House Commerce Committee members tell FCC to deny Nextel 1.9 spectrum

Feb. 26, 2004 1:31 PM EST

WASHINGTON-The Federal Communications Commission received some unsolicited
advice from 23 members of Congress on Thursday on what not to do to solve
the public-safety interference problem in the 800 MHz band.
"We are troubled by reports that the FCC may address interference problems
in a manner that results in an economic windfall to one company and that
would violate the competitive bidding requirements of the Communications
Act," wrote the members of Congress, all of whom are members of the House
Commerce Committee. "The commission must address interference to
public-safety systems in the 800 MHz band as quickly as possible.
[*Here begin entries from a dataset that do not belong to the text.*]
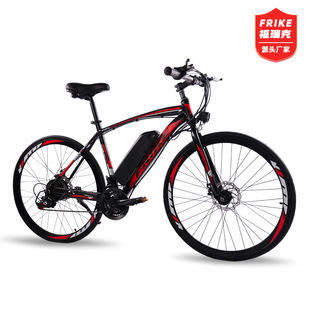 SOURCE Factory electric power mountain bike 700C Lithium electric road bike disc brake off-road variable speed commuter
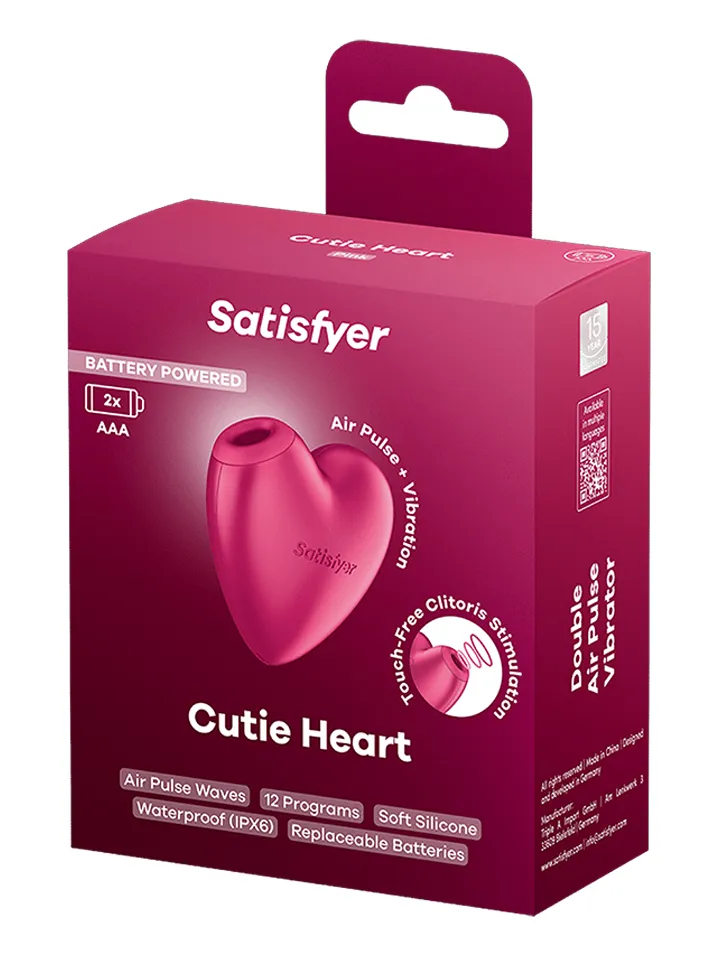 Satisfyer Cutie Heart Battery Powered - Air pressure vibrator 5 [full]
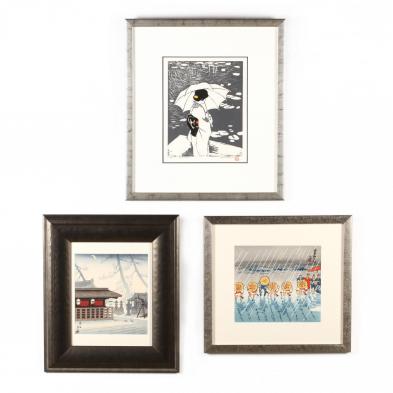 three-japanese-contemporary-woodblock-prints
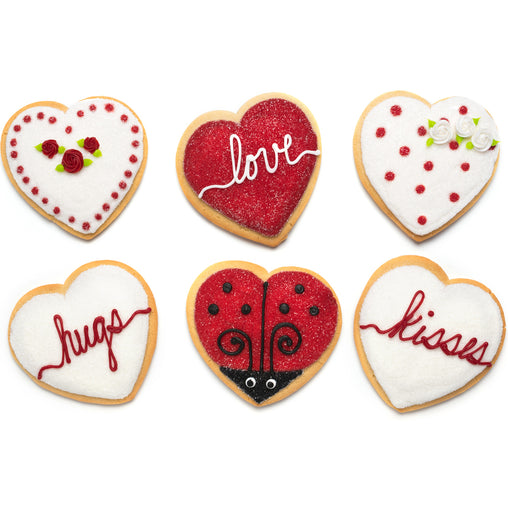 A Dozen Decorated Valentine's Day Cookies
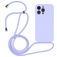 Mobigear Lanyard iPhone 14 Pro Max Coque avec cordon en Silicone - Violet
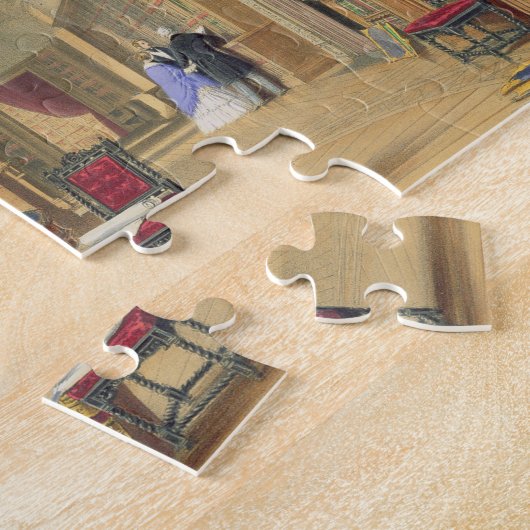Die Bibliothek, Windsor Schloss, 1838 (Farbelitho) Puzzle (Seite)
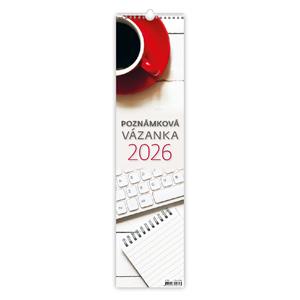 Wall Calendar 2026 Tie - Tie with notes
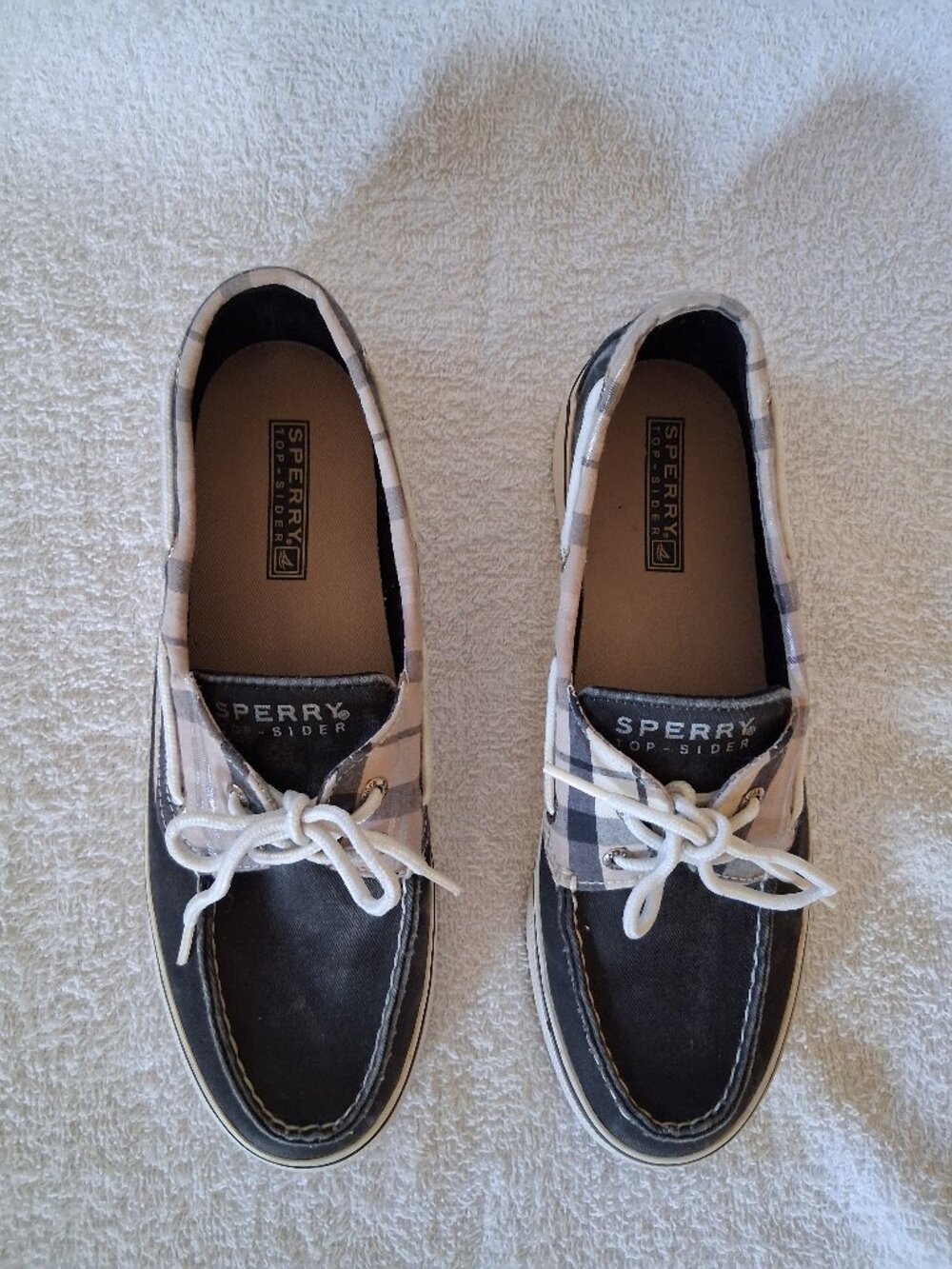Plaid Sperry Top Sider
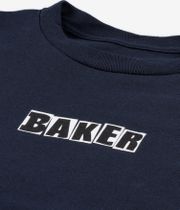 Baker Brand Logo Top z Długim Rękawem (navy)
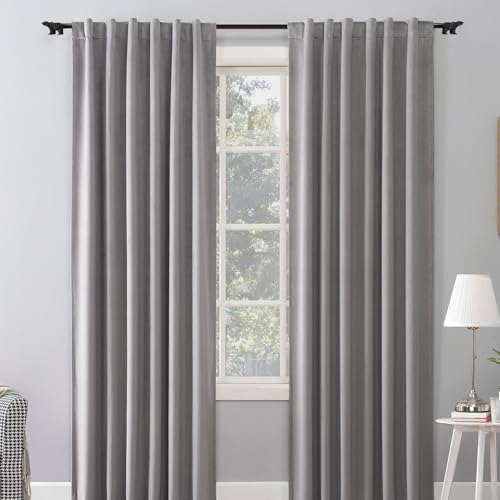 3/4” Farmhouse Bear Adjustable Window Treatment Single Curtain Rod, 28"-48", Oil Rubbed Bronze (ORB) - view 7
The FCC
should reband, but should keep all existing 800 MHz licensees within the
band rather than give one or more entities spectrum outside of the 800 MHz
band without conducting an auction."

The signatories represent a cross-section of the country and the House
Commerce Committee, but the letter was not signed by any of the House
Commerce Committee leadership and still represents less than half of the
opinion of the members of the committee from both parties.

There are two differing plans to solve the public-safety interference
problem in the 800 MHz band that was created because public-safety
licensees, private-wireless licensees, enhanced SMR licensees-most notably
Nextel Communications Inc., and cellular licensees were mixed together.

The Consensus Plan would shuffle the 800 MHz band to eliminate the current
situation. Nextel has said that $850 million will be sufficient to pay for
the necessary retuning of public-safety and private-wireless radios. Nextel
said it would deposit $100 million in an escrow account and secure
irrevocable lines of credit for the remaining $750 million.

In exchange for giving up spectrum in the 700, 800 and 900 MHz bands and for
paying to retune public safety and private wireless, Nextel has asked for 10
megahertz in the 1.9 GHz band.

RCR Wireless News first reported Oct. 27 that FCC staff is contemplating a
proposal that would give Nextel no more than 6 megahertz of spectrum in the
1.9 GHz band.

The Cellular Telecommunications & Internet Association and the United
Telecom Council favor the Balanced Approach Plan which calls for timely
resolution of current interference at the expense of the interferor, coupled
with technical rules, notification and coordination procedures to prevent
new interference.

The letter could delay the FCC's decision-making process. "Please respond to
our questions no later than March 15. We expect the commission to take no
action on this proceeding until the FCC has responded to our questions and
we have had the opportunity to evaluate the responses," reads the letter.

The FCC's Wireless Telecommunications Bureau is drafting a solution to be
presented to the commissioners in the coming weeks with a decision expected
in April, said WTB Chief John Muleta on Monday.